Our looks can advantage or disadvantage us in many ways:
Do you look like what you are?
Do you look like the other members of your family?
Do you look like many other people, or are you visually distinct?
The answers to these questions have life-changing power in the world of GoT, and in our world as well.
This is what I mean about looking like who you are:
I’ve been thinking a lot this week about appearance privilege. As a moderately attractive, medium-sized, slender brown-haired white ladyperson, I have never been profiled maliciously. I have very rarely even been profiled inaccurately. My physical type is our culture’s default setting for the Smart Nice Girl. From Fern Arable to Laura Ingalls to Mary Richards to Veronica Sawyer to Coco Chanel to Liz Lemon, I have never lacked for positive images of women who looked like me. My appearance has made it easier, not harder, to be taken seriously as an intellectual, as a professional, as a member of my chosen religious community. Women who look like me are the girl next door, the sensible wife, the breaker of glass ceilings, the comedienne, the thinking man’s sex symbol. There is little-to-nothing about my appearance that anyone would take as physically or psychologically threatening.

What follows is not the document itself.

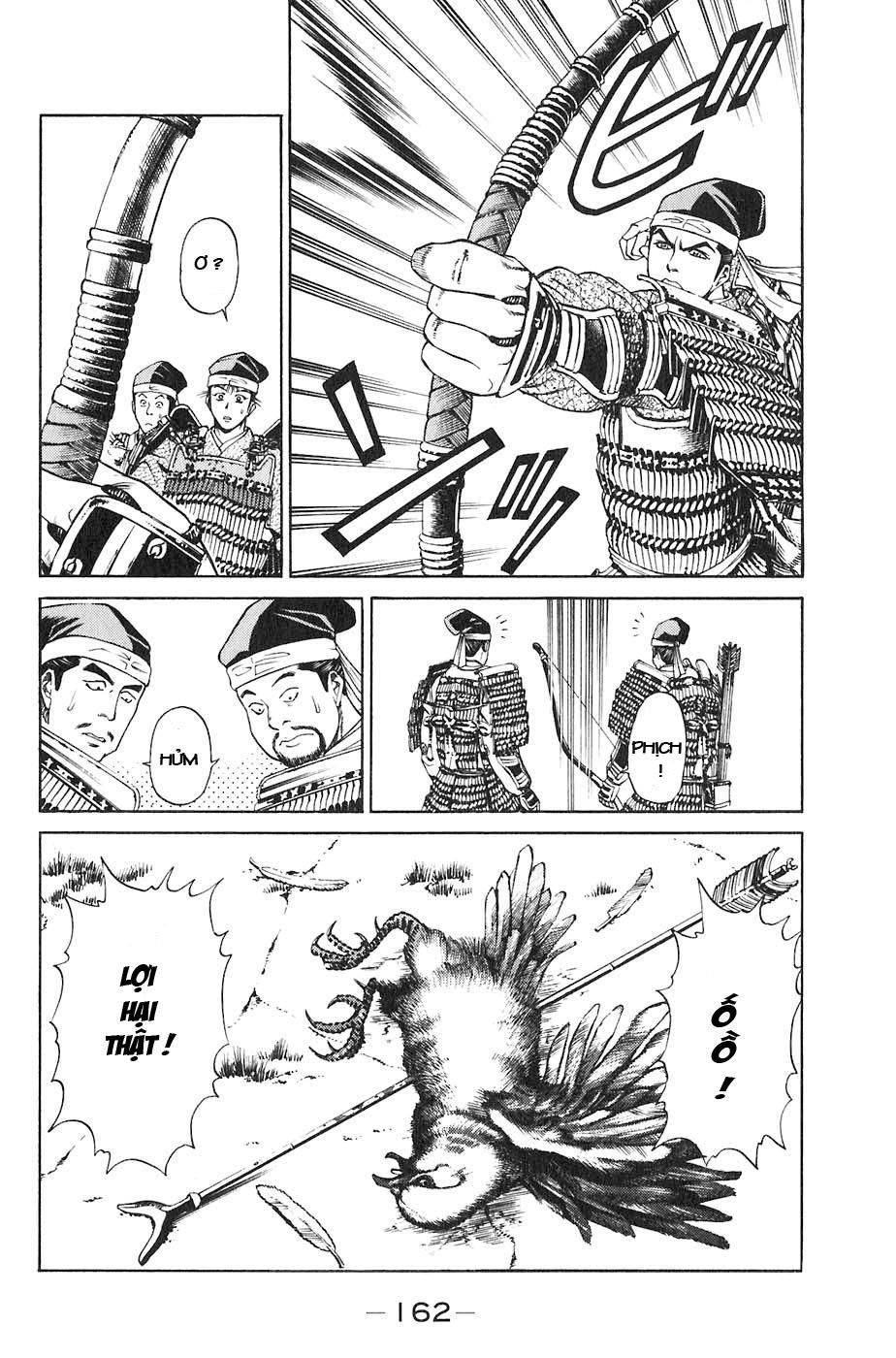 Sơn Tặc Vương Seyu - Chương 31 - Trang 18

I could be far more beautiful than I am, but I don’t think it would make life any easier. My husband is quite a nice-looking man, but no Chris Pratt, and for a science comedian? That’s fine. You don’t want Chris Pratt telling youwhat happened when they did an MRI on a dead salmon. You want him deeply misunderstanding the nature of the Grand Canyon.
(I, on the other hand, pretty much am April Ludgate, and she’s right. You just can’t be annoyed at the Grand Canyon, no matter how much you try. And notice that she is also a slender, pretty-not-gorgeous white-skinned brown-haired ladyperson like myself.)